Records
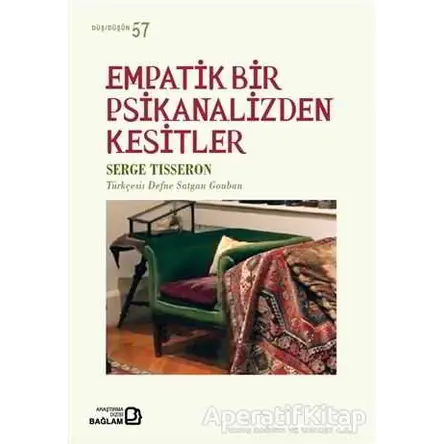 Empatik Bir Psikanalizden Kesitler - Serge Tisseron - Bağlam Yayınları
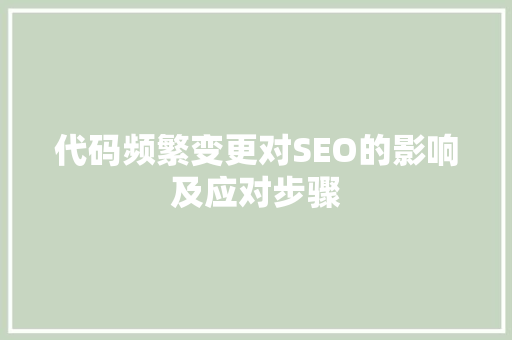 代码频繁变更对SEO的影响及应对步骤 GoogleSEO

---

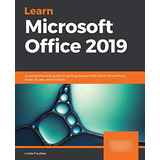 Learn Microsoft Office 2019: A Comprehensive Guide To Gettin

Assigned task
Pictures in the material above should be skipped; print exactly the lines from the one with "Empatik Bir Psikanalizden" through the one with "代码频繁变更对SEO的影响及应对步骤 GoogleSEO".

Answer to the exercise
 Empatik Bir Psikanalizden Kesitler - Serge Tisseron - Bağlam Yayınları
 代码频繁变更对SEO的影响及应对步骤 GoogleSEO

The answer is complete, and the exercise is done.